Et s’il était marié ?… Son devoir n’était-il pas de tenter l’impossible pour l’aider à reprendre sa personnalité antérieure et à retourner à sa famille ?

Son devoir !… Elle haussa les épaules. Tant de gens s’en font une conception fausse. Pour eux, le devoir, c’est le sacrifice. Il a une face longue, il exige sa livre de chair. Pour elle, le devoir commençait par soi-même, et le devoir était le bonheur. Grand-Louis et elle l’avaient trouvé, dans le pauvre royaume de la lande.

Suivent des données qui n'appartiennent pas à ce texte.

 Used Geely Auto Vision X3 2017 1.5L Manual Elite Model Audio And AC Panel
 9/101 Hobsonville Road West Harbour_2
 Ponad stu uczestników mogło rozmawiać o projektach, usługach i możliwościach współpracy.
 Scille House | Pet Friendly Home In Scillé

S’il avait une femme, celle-ci avait eu le temps de se consoler. Sinon, tant pis pour elle ! À chacun son tour. Le sort avait mis l’homme de rêve sur son chemin : on ne contrarie pas le sort. On ne considère pas la vie comme un tout, on la prend par phases, comme si chacune n’était pas rattachée au passé, comme s’il n’y avait pas de lendemain. Chaque moment est une vie complète. Le passé croule comme des feuilles mortes, et personne n’est sûr de l’avenir. Le présent seul compte. C’est la statue à laquelle on travaille. On en palpe du doigt la matière vivante. Grand-Louis vivait pour le présent.

Ce qui importait était de remettre celui-ci sur pied. Plus tard, beaucoup plus tard, quand il aurait son mot à dire pour les affaires qui le concernaient, on envisagerait l’aventure d’une opération.